◆ TASK OBJECTIVE: To complete this task, print all the data below exactly but leave out the images.

◆ INFORMATION SHOWN:
* * * * * * *

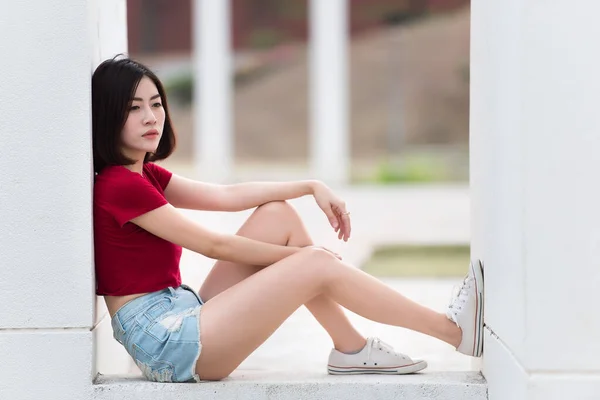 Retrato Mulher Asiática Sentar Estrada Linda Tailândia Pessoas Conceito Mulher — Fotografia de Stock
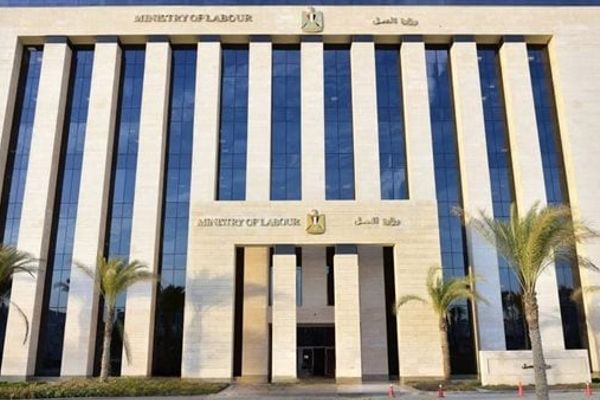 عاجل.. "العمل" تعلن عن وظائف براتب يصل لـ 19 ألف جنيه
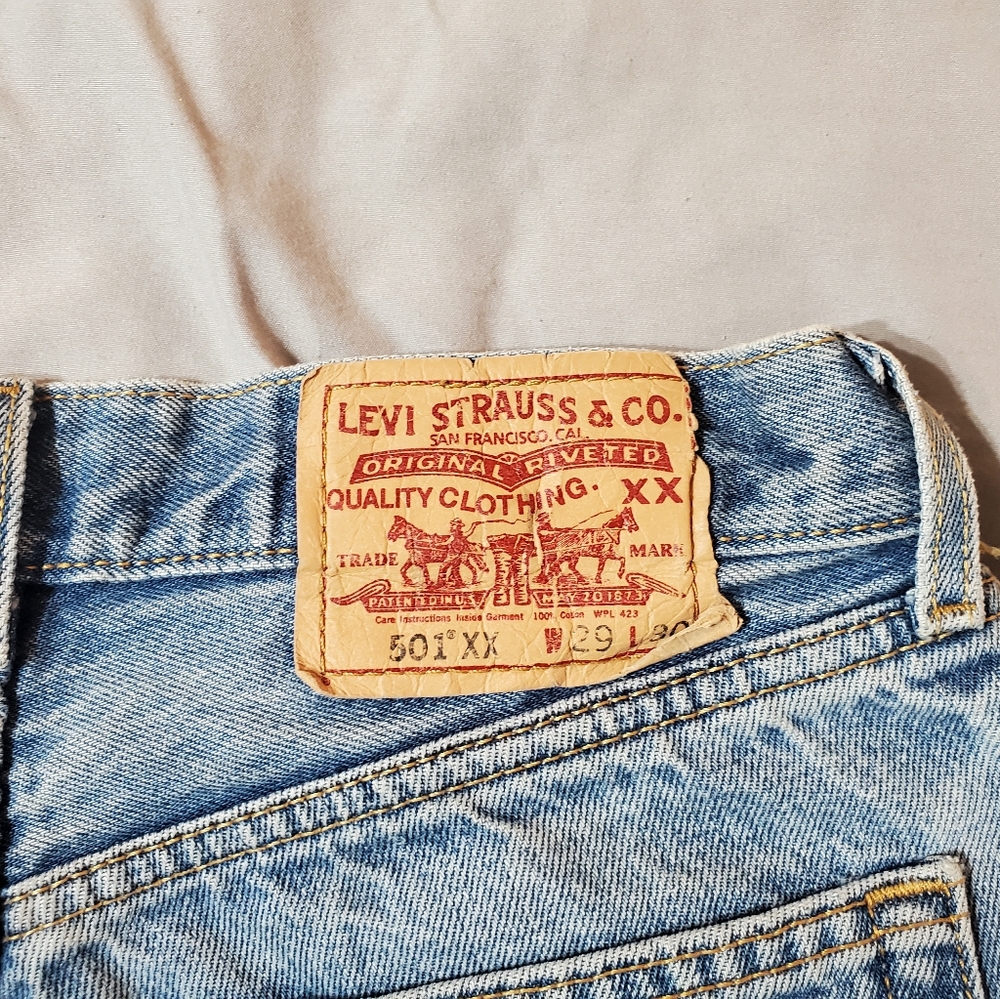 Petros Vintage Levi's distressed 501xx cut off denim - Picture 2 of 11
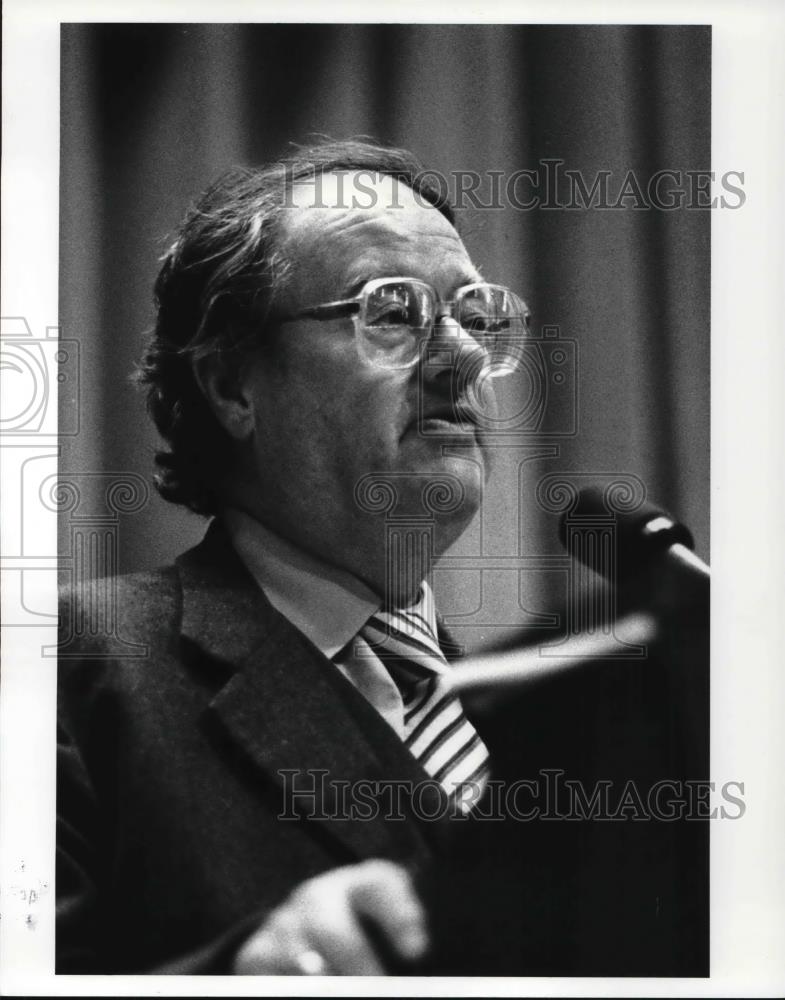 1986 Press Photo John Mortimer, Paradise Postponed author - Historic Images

* * * * * * *

◆ YOUR SOLUTION:
 Retrato Mulher Asiática Sentar Estrada Linda Tailândia Pessoas Conceito Mulher — Fotografia de Stock
 عاجل.. "العمل" تعلن عن وظائف براتب يصل لـ 19 ألف جنيه
 Petros Vintage Levi's distressed 501xx cut off denim - Picture 2 of 11
 1986 Press Photo John Mortimer, Paradise Postponed author - Historic Images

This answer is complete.